- _Data provided_:
····················

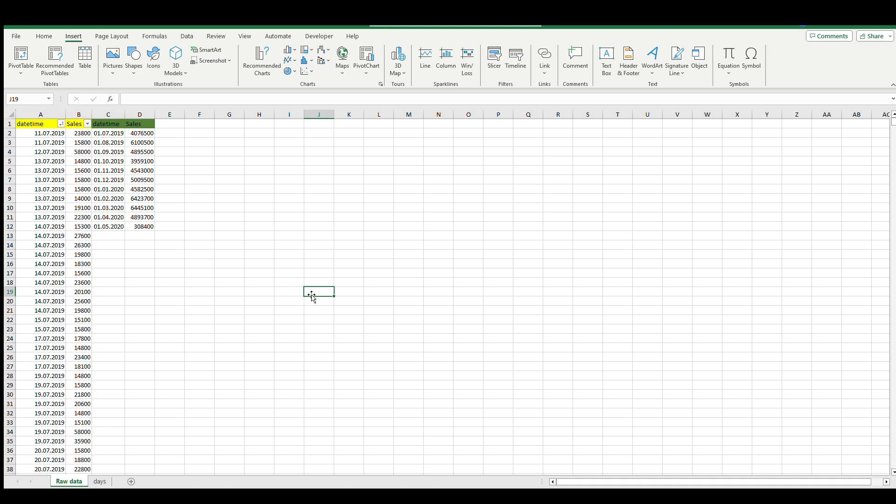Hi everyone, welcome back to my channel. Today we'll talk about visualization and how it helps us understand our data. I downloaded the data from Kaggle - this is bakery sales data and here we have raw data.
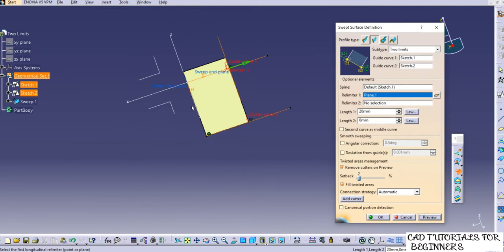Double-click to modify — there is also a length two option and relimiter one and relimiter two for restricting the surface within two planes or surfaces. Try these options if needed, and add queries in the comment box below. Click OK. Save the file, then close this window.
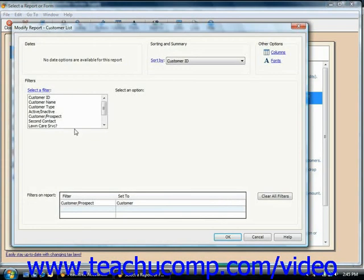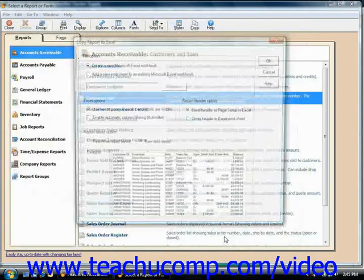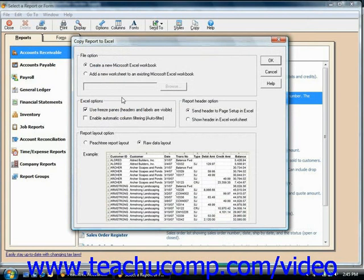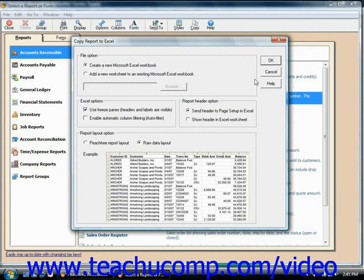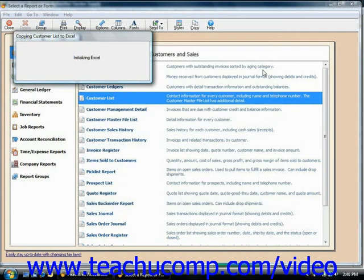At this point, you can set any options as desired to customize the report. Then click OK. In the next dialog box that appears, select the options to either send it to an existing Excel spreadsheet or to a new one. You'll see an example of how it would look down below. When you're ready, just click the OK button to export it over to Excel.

····················

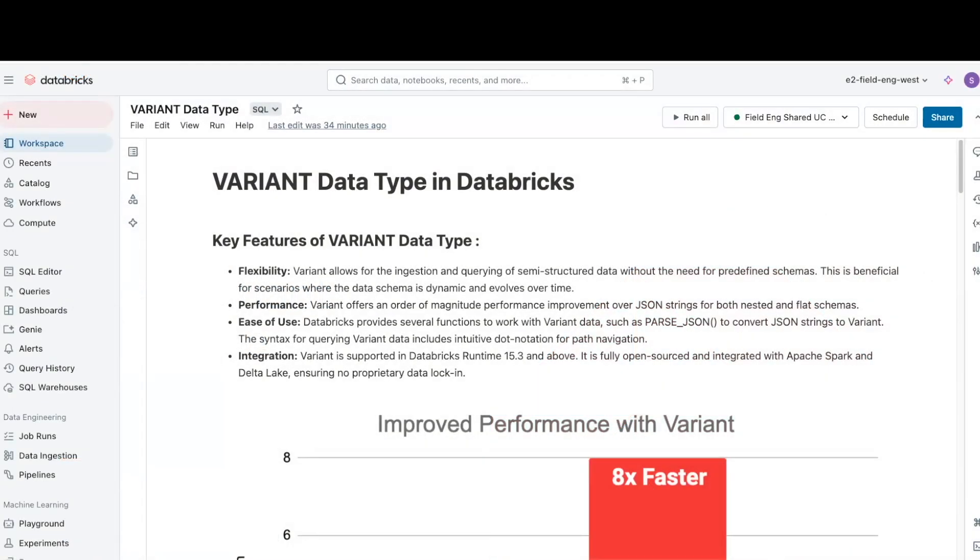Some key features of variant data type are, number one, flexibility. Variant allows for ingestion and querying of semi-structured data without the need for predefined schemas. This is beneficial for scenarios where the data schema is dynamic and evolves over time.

····················

Although pictures appear among the records above, none are to be output; print exactly the lines from the line containing "Double-click to modify" through the line containing "At this point, you".

- _Written solution_:
Double-click to modify — there is also a length two option and relimiter one and relimiter two for restricting the surface within two planes or surfaces. Try these options if needed, and add queries in the comment box below. Click OK. Save the file, then close this window.
At this point, you can set any options as desired to customize the report. Then click OK. In the next dialog box that appears, select the options to either send it to an existing Excel spreadsheet or to a new one. You'll see an example of how it would look down below. When you're ready, just click the OK button to export it over to Excel.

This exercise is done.